- Exercise description:
In the entries below, which lines run from the one containing "Objectifs de Décathlon, non-spécifiques" to the one containing "ü Être proche des"? Copy exactly those lines, ends included, and no others.
═════ Material provided ═════
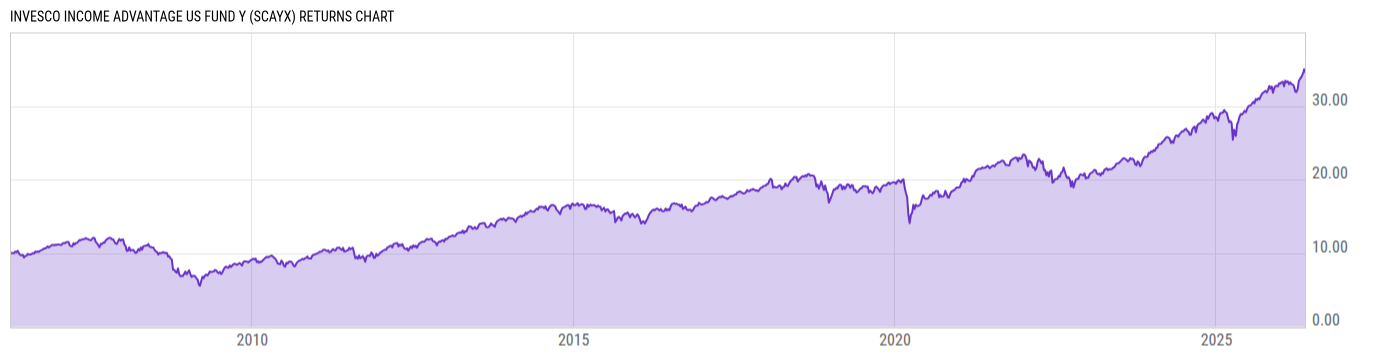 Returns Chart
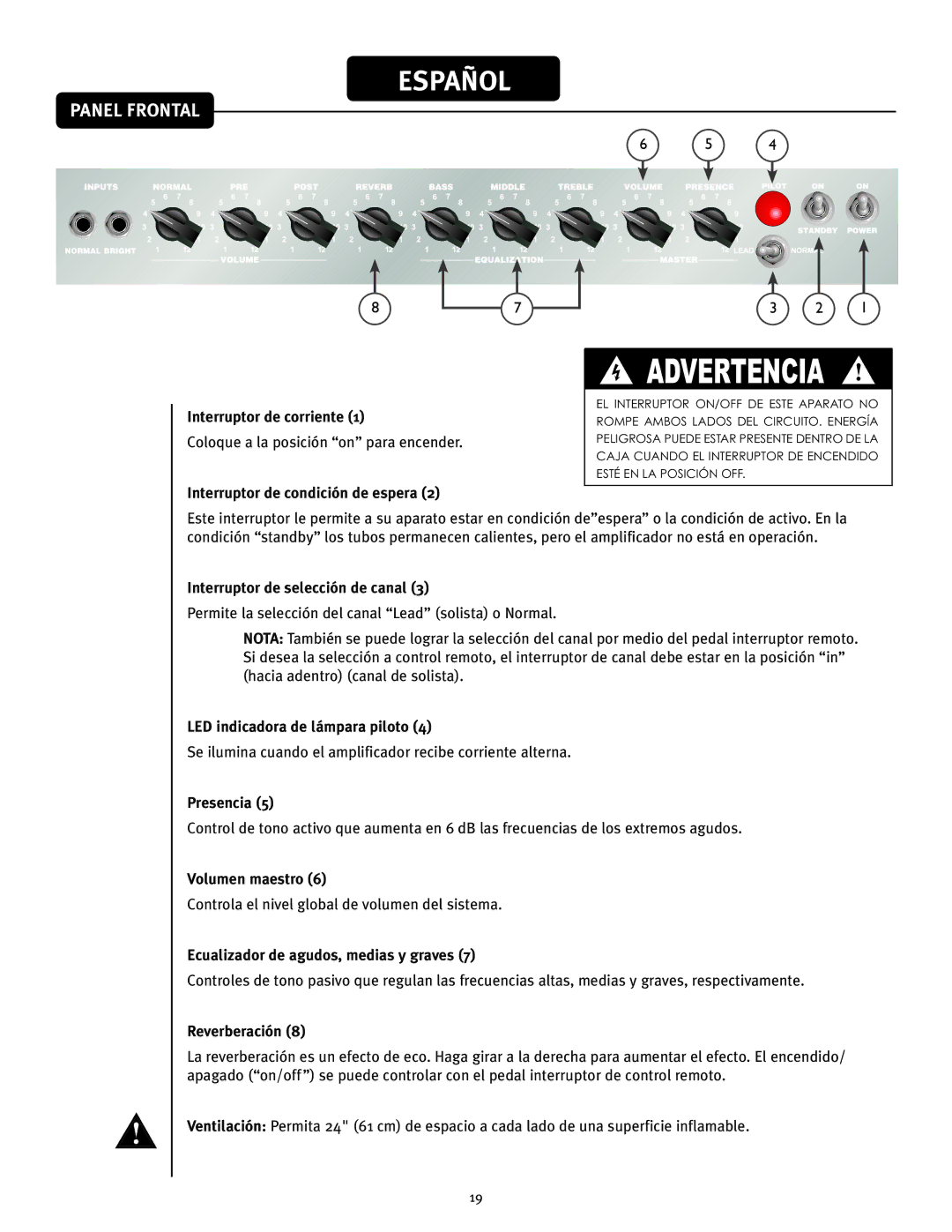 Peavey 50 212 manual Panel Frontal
═════
═════ Material provided ═════
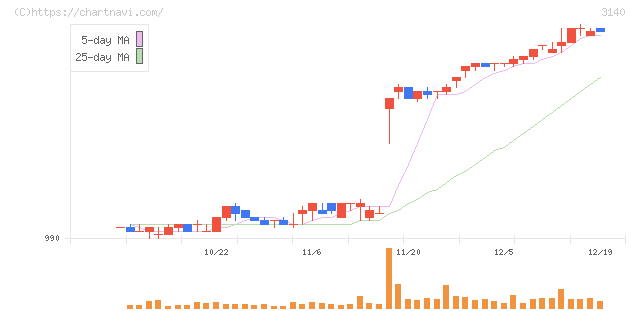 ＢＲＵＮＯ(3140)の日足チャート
═════
═════ Material provided ═════
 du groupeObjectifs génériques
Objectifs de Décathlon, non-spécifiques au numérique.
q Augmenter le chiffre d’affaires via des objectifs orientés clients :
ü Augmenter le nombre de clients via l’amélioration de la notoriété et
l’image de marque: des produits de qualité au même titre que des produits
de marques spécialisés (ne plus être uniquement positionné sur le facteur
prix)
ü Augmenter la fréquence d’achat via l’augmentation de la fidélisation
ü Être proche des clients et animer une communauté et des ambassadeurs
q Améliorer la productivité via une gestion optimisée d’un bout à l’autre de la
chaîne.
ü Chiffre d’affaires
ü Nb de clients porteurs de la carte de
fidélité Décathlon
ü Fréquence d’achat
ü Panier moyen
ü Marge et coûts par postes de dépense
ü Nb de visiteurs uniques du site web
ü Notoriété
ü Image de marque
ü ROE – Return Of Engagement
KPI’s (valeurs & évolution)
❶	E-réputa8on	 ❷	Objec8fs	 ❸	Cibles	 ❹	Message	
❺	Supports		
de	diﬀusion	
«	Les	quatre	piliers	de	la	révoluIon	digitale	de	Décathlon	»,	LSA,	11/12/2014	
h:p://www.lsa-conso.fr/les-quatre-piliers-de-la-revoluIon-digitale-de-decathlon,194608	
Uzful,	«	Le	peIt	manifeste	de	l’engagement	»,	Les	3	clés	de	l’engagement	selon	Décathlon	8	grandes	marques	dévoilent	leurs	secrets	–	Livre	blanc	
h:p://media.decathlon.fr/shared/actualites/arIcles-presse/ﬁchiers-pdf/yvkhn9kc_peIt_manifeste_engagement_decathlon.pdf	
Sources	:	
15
═════
- Answer:
Objectifs de Décathlon, non-spécifiques au numérique.
q Augmenter le chiffre d’affaires via des objectifs orientés clients :
ü Augmenter le nombre de clients via l’amélioration de la notoriété et
l’image de marque: des produits de qualité au même titre que des produits
de marques spécialisés (ne plus être uniquement positionné sur le facteur
prix)
ü Augmenter la fréquence d’achat via l’augmentation de la fidélisation
ü Être proche des clients et animer une communauté et des ambassadeurs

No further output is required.